1871. Nous étions pris à peu près entre deux feux : les troupes de Versailles avaient gagné le long de la Seine, et les fédérés occupaient encore des barricades, rue des Nonnains d’Hyères, rue Monge, boulevard Saint-Germain, boulevard Bourdon. Il était dangereux de reculer ou d’avancer. Je proposai à mon compagnon de nous réfugier chez Paul Verlaine, qui demeurait près de là et qui se trouverait chez lui, car je pensais bien qu’il ne flânait pas du côté de la fusillade.

Nous le rencontrâmes, en effet. Il n’était pas sorti, comme il l’a dit. Il avait passé la journée de la veille, dans un cabinet de toilette sans fenêtres, affolé par la canonnade. Dans ce réduit obscur, il cherchait cependant à attirer la petite bonne, pour la rassurer, disait-il, pour se rassurer aussi sans doute. À deux on est plus brave.

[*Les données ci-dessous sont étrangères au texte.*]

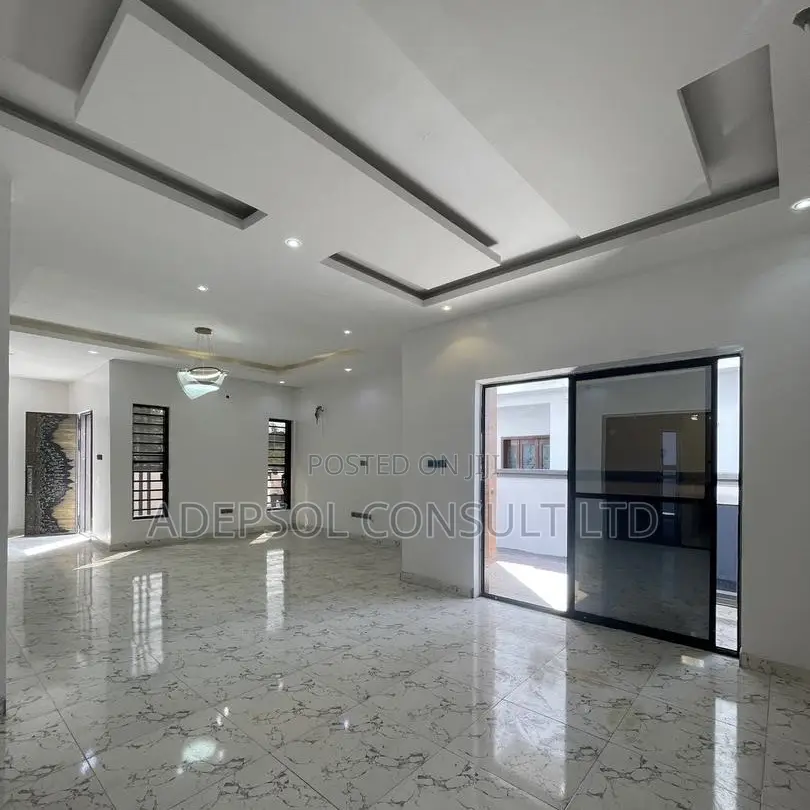 5 Bedroom Fully Detached Duplex With a Bq in Sangotedo
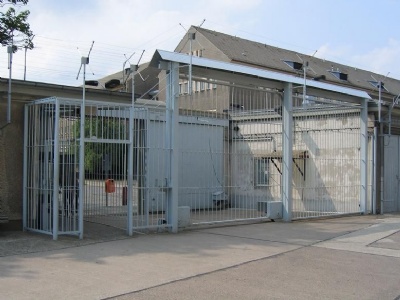 Berlin – Stasi fängelseFängelsegrinden sett inifrån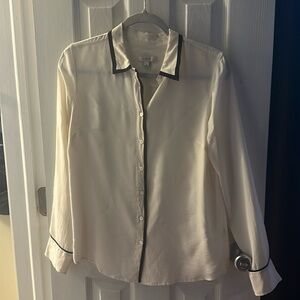 Banana Republic Silk Button Down Blouse
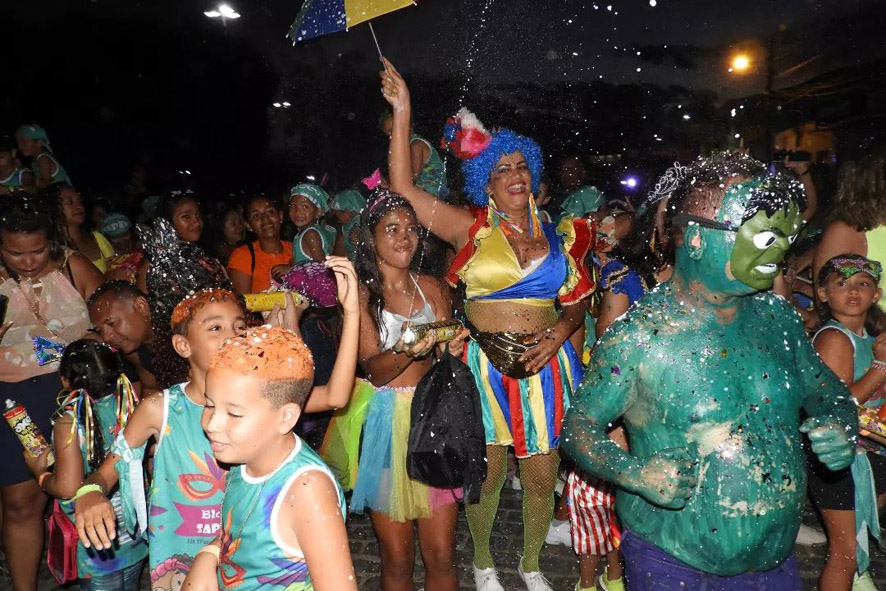 Bloco Infantil Sapeka anima as crianças no Várzea Folia no Carnaval de Várzea do Poço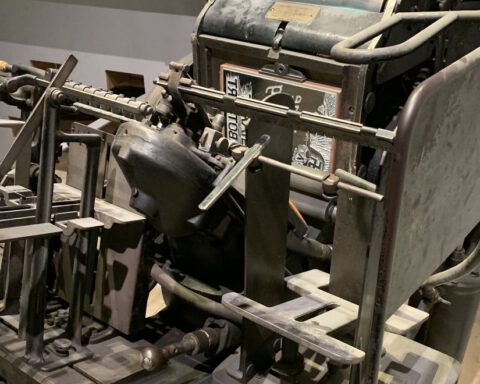 Deze pers waarop de verzetsaffiches werden gedukt staat nu in het oorlogsmuseum in Overloon. Foto Jan de Roos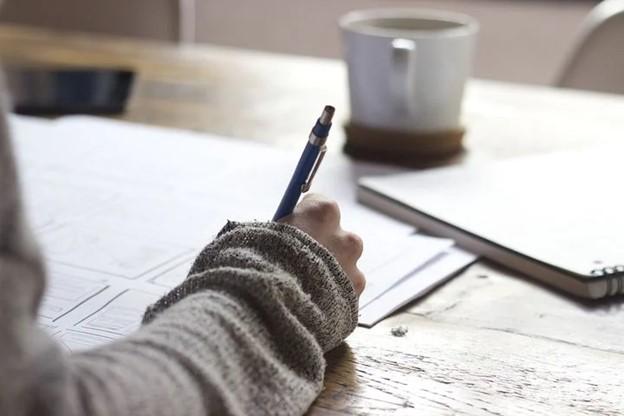 Why School Leavers Are Attracted To Apprenticeships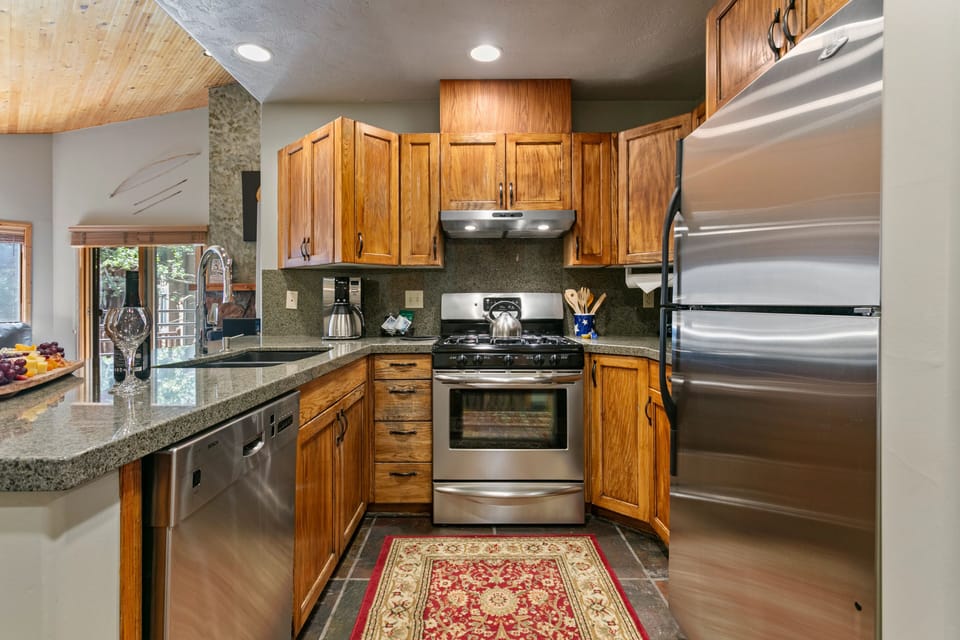 Condo, 3 Bedrooms | Private kitchen | Coffee/tea maker, fridge, oven, toaster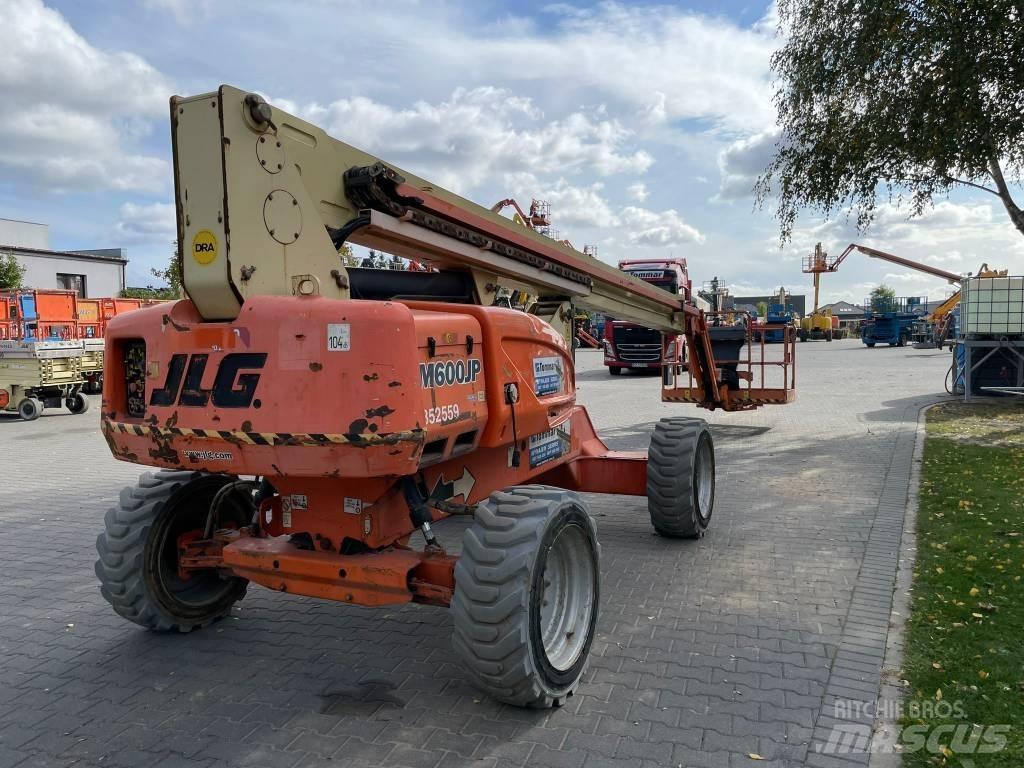 JLG M 600 JP 曲臂高空作業車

Nous n’étions ni noirs de poudre, ni équipés en gardes nationaux, comme l’a narré Verlaine, ayant mal retenu la réalité des faits, car son émotion était forte et notre arrivée l’accrut. Émile Richard avait seulement un képi et un pantalon à bande violette, car il était étudiant en médecine, et avait servi aux ambulances pendant la guerre. Nous revenions, Richard et moi, de faire, rue d’Aboukir, notre journal, le dernier numéro du Tribun du peuple. J’étais habillé comme je l’avais été pendant toute la durée de la Commune, en vêtement civils, sans écharpe ni insigne, bien que délégué au Conseil d’État.

Le pauvre Paul était si effaré qu’après un repas expédié à la diable, omelette, charcuterie et salade, il ne voulut jamais consentir à monter sur le balcon pour contempler la magnificence hideuse du spectacle. Un panorama d’empereur romain !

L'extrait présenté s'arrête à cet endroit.